# Exercise
Below this line is a listing that includes pictures. Copy exactly, and only, the lines from the one containing "Диетологи назвали самые полезные консервы" through the one containing "Kode TYC188 Hampers"; the pictures do not go in the copy.

*** Opening Records for processing ***

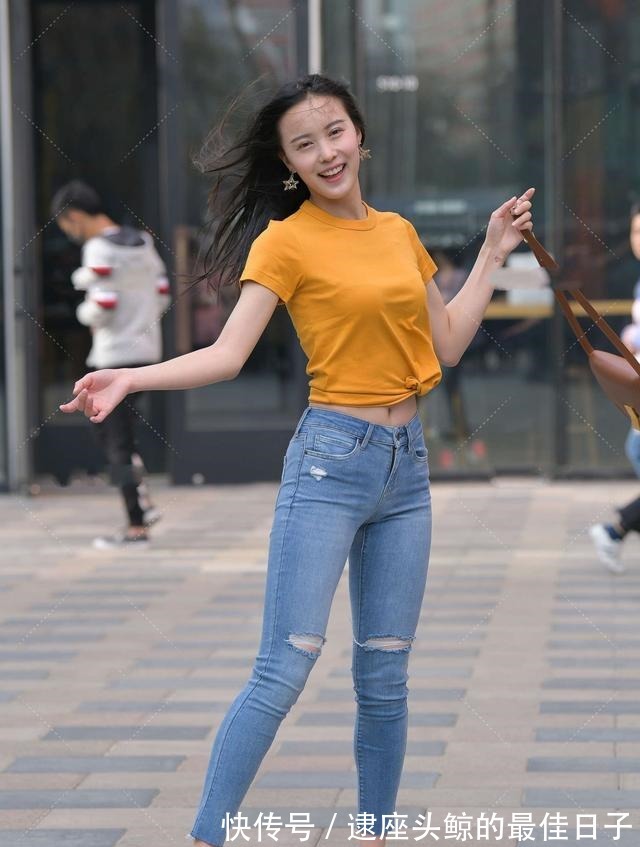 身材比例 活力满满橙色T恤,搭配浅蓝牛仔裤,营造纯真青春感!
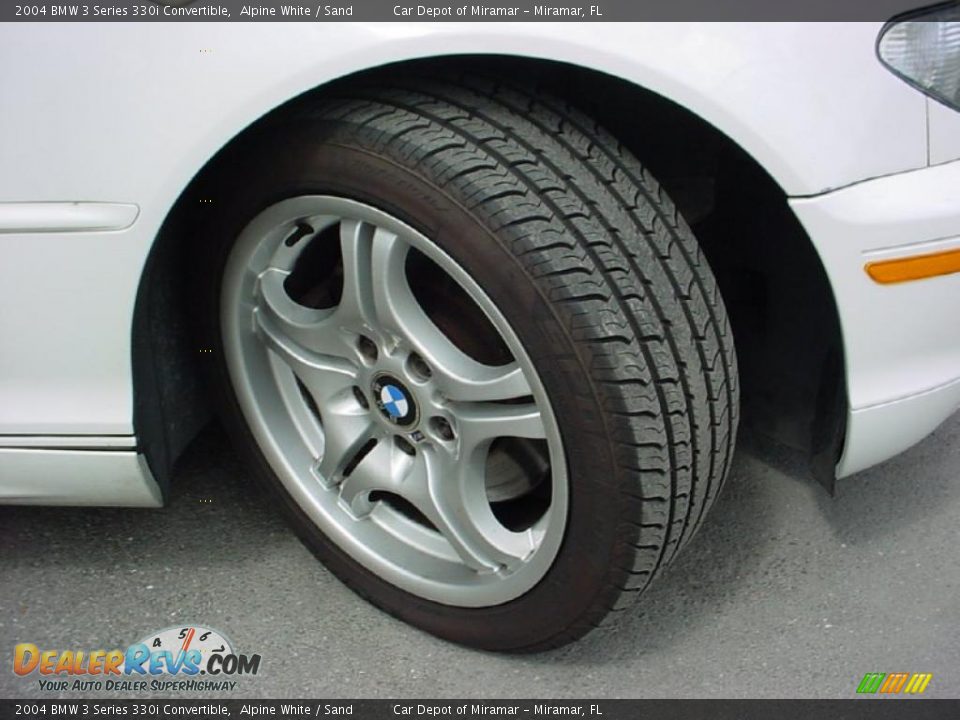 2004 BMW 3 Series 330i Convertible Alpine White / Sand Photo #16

*** Closing Records for processing ***
*** Opening Records for processing ***

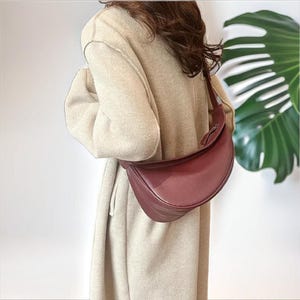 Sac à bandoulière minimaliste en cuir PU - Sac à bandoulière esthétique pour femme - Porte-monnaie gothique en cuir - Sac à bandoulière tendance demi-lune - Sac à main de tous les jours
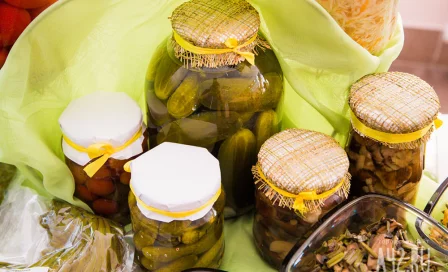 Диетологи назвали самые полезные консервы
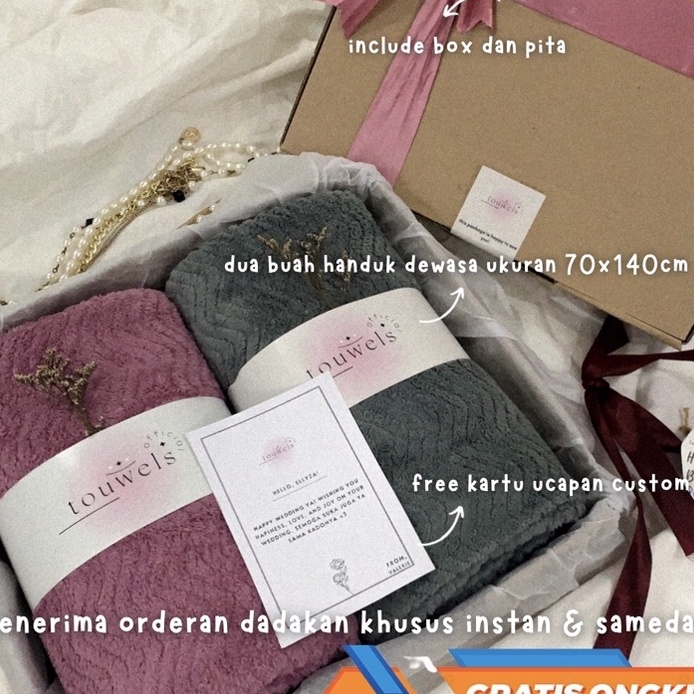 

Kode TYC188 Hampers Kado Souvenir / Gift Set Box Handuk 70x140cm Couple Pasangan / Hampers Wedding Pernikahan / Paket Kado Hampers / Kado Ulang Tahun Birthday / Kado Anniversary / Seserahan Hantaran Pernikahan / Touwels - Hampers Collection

*** Closing Records for processing ***
*** Opening Records for processing ***

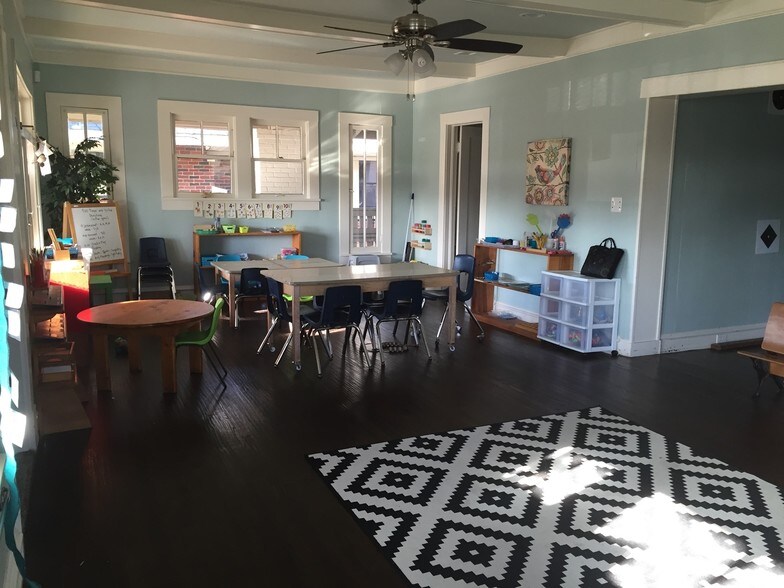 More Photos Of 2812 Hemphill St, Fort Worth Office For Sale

*** Closing Records for processing ***

# Result
 Диетологи назвали самые полезные консервы

Kode TYC188 Hampers Kado Souvenir / Gift Set Box Handuk 70x140cm Couple Pasangan / Hampers Wedding Pernikahan / Paket Kado Hampers / Kado Ulang Tahun Birthday / Kado Anniversary / Seserahan Hantaran Pernikahan / Touwels - Hampers Collection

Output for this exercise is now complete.